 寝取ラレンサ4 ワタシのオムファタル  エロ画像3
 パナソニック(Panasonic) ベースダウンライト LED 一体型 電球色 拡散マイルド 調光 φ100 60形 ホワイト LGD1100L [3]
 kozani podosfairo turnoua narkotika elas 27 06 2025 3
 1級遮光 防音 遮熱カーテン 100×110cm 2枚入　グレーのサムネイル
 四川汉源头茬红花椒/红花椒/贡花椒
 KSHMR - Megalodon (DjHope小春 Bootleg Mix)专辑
--
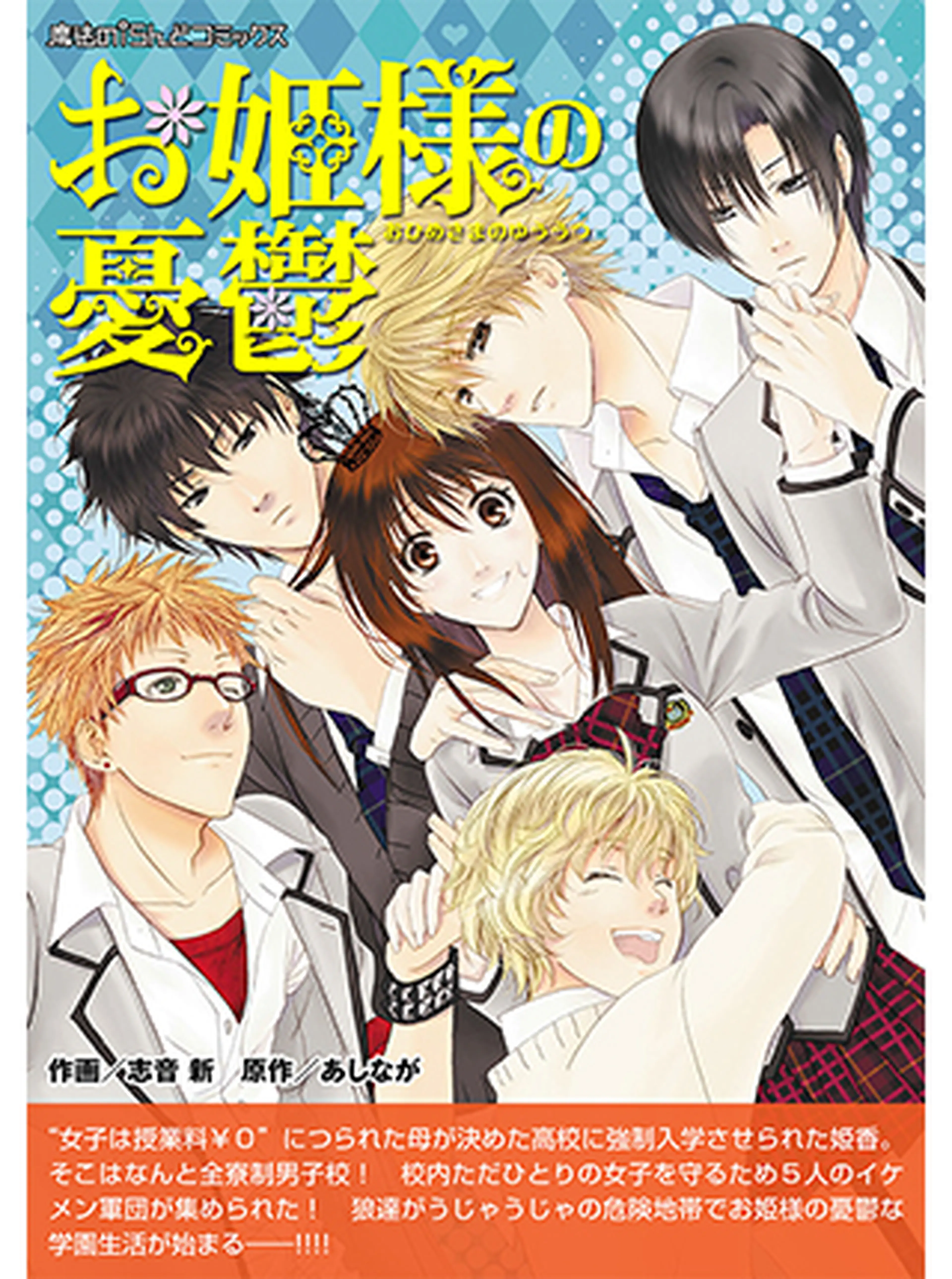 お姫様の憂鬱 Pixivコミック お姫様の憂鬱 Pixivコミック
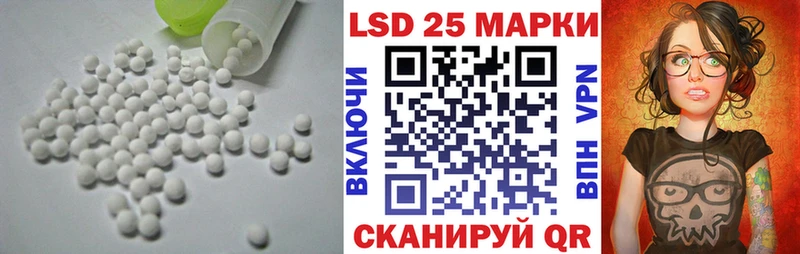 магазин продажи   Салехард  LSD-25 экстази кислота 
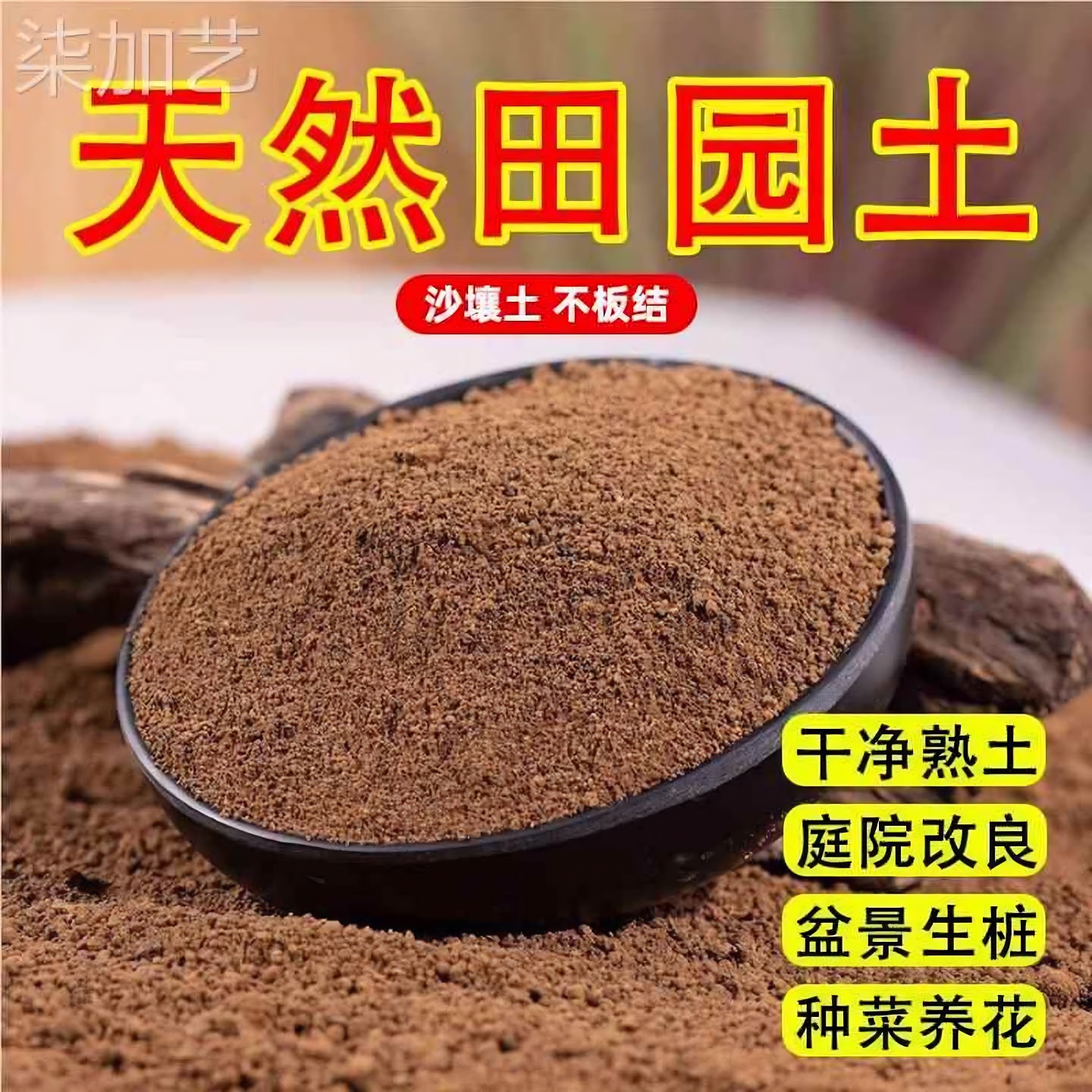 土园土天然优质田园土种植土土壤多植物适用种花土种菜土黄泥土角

• [YOUR TASK]:
In the data above, retype only the stretch from the line with "LSD-25 экстази кислота" through the line with "土园土天然优质田园土种植土土壤多植物适用种花土种菜土黄泥土角", word for word, and skip any pictures.

• [SOLUTION FOR THIS TASK]:
 магазин продажи   Салехард  LSD-25 экстази кислота 
 土园土天然优质田园土种植土土壤多植物适用种花土种菜土黄泥土角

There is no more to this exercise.